Just got my new (large and intermediate sized) radius gauge sets. They lack appropriate labeling but can be easily read with the (not supplied) caliper.
Rust proof and resistant to all cutting and cooling fluids.
Accurate within 1/8" (more or less).
Unbreakable - almost.
Easily stolen from a nearby kitchen or available at most dollar stores.




Have a happy!!


----------



## RandyM (Aug 9, 2018)

That is a big part of this amazing hobby, being resourceful.


----------



## T Bredehoft (Aug 9, 2018)

I wouldn'lt suggest equating the numbers on the 'handles' with anything relating to machinery, though.  For our purposes, those numbers are meaningless.


----------



## TonyRV2 (Aug 9, 2018)

Seems I have a rod with a 1/4 cup radius.  Anyone know the metric conversion?  Oh wait, here it is, in metric units its a 51.4mL radius.


----------



## Ken from ontario (Aug 9, 2018)

I have been scolded for using my wife's turkey baster to suck up the last bit of gear oil from my bandsaw gearbox..,  lesson learned,leave the kitchen stuff in the kitchen.


----------



## Groundhog (Aug 9, 2018)

Don't have an "other" so I'm good with the kitchen stuff. Sure could use someone to wash it up though!


----------



## RandyM (Aug 10, 2018)

Ken from ontario said:


> I have been scolded for using my wife's turkey baster to suck up the last bit of gear oil from my bandsaw gearbox..,  lesson learned,leave the kitchen stuff in the kitchen.

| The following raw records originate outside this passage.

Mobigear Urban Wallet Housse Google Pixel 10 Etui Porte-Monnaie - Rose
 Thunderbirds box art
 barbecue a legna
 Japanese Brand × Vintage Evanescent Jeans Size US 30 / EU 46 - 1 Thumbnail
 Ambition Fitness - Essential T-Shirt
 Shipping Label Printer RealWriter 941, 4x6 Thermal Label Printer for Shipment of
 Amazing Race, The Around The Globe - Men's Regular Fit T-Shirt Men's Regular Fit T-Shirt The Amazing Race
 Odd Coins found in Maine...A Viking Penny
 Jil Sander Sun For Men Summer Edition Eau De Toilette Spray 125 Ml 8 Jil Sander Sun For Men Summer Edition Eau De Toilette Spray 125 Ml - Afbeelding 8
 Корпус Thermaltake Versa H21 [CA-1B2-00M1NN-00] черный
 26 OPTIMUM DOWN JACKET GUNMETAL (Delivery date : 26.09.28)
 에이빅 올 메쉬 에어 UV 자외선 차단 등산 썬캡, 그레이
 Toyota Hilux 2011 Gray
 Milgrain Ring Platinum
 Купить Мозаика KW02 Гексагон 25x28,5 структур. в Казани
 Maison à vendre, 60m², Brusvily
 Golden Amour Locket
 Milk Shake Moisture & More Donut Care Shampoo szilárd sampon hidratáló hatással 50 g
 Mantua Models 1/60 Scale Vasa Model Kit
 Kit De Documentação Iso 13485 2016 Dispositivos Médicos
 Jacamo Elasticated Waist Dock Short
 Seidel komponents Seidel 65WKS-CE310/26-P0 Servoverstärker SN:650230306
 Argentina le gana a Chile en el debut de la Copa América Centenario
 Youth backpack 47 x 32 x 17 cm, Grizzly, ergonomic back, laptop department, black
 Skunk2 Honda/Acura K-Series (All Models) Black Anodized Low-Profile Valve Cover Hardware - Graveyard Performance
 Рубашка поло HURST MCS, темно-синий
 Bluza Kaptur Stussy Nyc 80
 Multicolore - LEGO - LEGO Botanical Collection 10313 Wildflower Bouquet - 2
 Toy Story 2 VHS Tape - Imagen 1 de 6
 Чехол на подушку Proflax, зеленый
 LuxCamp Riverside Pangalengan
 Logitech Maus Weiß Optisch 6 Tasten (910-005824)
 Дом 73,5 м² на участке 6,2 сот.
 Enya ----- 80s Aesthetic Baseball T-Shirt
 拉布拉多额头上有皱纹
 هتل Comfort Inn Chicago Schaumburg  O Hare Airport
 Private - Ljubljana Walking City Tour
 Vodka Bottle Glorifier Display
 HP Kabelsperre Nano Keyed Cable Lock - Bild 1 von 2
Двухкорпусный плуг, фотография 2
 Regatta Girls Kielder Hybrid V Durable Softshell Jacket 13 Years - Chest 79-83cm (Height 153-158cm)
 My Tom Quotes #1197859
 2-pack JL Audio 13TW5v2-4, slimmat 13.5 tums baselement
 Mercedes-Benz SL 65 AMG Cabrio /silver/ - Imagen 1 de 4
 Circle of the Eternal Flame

I just use one of these. It is for filling a battery with water. I use it for every fluid in the shop. I think it is a little more heavy duty than your standard turkey baster. You can pop the bulb off the stem and rinse it out after each use. They work great.




https://www.ebay.com/itm/Imperial-6040550-Battery-Filler-and-Brake-Fluid-Suction-Tool/332352100788?epid=2197986914&hash=item4d61ba99b4:g:GTYAAOSwcepZyoJW&_sacat=0&_nkw=battery+filler&_from=R40&rt=nc&_trksid=m570.l1313


----------



## Ken from ontario (Aug 10, 2018)

RandyM said:


> I think it is a little more heavy duty than your standard turkey baster. You can pop the bulb off the stem and rinse it out after each use. They work great.


That actually is a versatile tool to have around the shop .


----------